La Commission rappelle également à Paris ses obligations en matière de contrôle des ventes d’armes. Tout en « salu[ant] » les mots d’Emmanuel Macron qui avait appelé début octobre 2024 à « cesse[r] de livrer les armes pour mener les combats sur Gaza », la CNCDH recommande à la France d’aller jusqu’au bout de cette logique – et de ses obligations internationales – en « suspend[ant] tout transfert d’armes » à destination de « tout État à travers le monde » s’il existe « le moindre doute quant à une utilisation de ces armes non conforme au droit international ».
Une recommandation qui pourrait s’appliquer aux ventes d’armes françaises au Myanmar, à l’Arabie saoudite, à l’Éthiopie… mais aussi, potentiellement, à Israël. Car si Emmanuel Macron a de fait exclu les ventes d’armes pouvant être utilisées à Gaza, l’État français n’est pas allé jusqu’à prononcer un embargo total sur les exportations vers Israël (qui mène également des opérations en Cisjordanie, par exemple).
Alors qu’un nombre croissant de juristes, d’historiens et d’ONG qualifient la guerre menée par Israël à Gaza de génocide, la CNCDH rappelle également à la France qu’elle a, en vertu de ses engagements internationaux, obligation de « prévenir le crime de génocide et d’user de tous les moyens à sa disposition pour empêcher la survenance de ce crime ou le faire cesser ».

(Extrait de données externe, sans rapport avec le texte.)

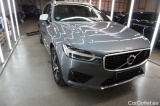  Volvo  XC60  R Design 2WD 2.0 D4 140KW AT8 E6dT #27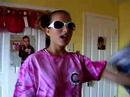 Jamie Lynn Spears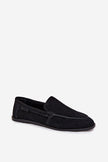  Mocassin model 226106 Step in style 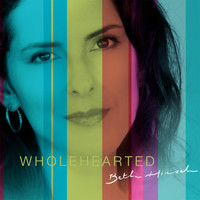 Beth Hirsch - WHOLEHEARTED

« Dans un monde où les conflits sont marqués par des violations massives du droit international humanitaire et où il est visiblement très difficile d’amener les belligérants eux-mêmes à le respecter, les États tiers, extérieurs au conflit, ont un rôle majeur à jouer », estime la rapporteuse du texte de la CNCDH, Julia Grignon, qui est directrice de recherche à l’Institut de recherche stratégique de l’École militaire (Irsem) et professeure de droit international humanitaire à l’université Laval, à Québec (Canada).
La Commission revient enfin sur la fourniture d’aide dans l’enclave palestinienne de Gaza, longtemps privée de vivres en raison d’un blocus mis en place par Israël. « L’aide humanitaire ne devrait jamais être conditionnée, ni même influencée, par des motifs d’ordre politique, diplomatique ou stratégique », exhorte-t-elle. Avec en tête, notamment, le rôle problématique des États-Unis à ce sujet.
« Lorsque les Américains font des largages d’aide humanitaire depuis les airs alors que sur le terrain il n’y a personne pour coordonner sa distribution, et que cela donne lieu à des émeutes, cela n’est pas faire de l’aide : c’est juste un faire-valoir, une démonstration de communication », regrette Julia Grignon.
La juriste pointe le contraste « criant » entre les condamnations des exactions russes en Ukraine et les réactions bien plus mesurées lorsqu’il s’agit de condamner celles d’Israël. « Ce n’est pas parce qu’on [les États occidentaux – ndlr] est amis avec Israël, et parce qu’Israël n’est pas la Russie ou la Chine, qu’on ne doit pas avoir les mêmes exigences en matière d’accès à l’aide humanitaire. »
« Quand il s’est agi de dénoncer les crimes de la Russie, les voix étaient unanimes. Quand la CPI s’est saisie de la question, les voix étaient unanimes. Et tout à coup, parce que c’est Israël, il n’y a plus du tout d’unanimité », regrette-t-elle.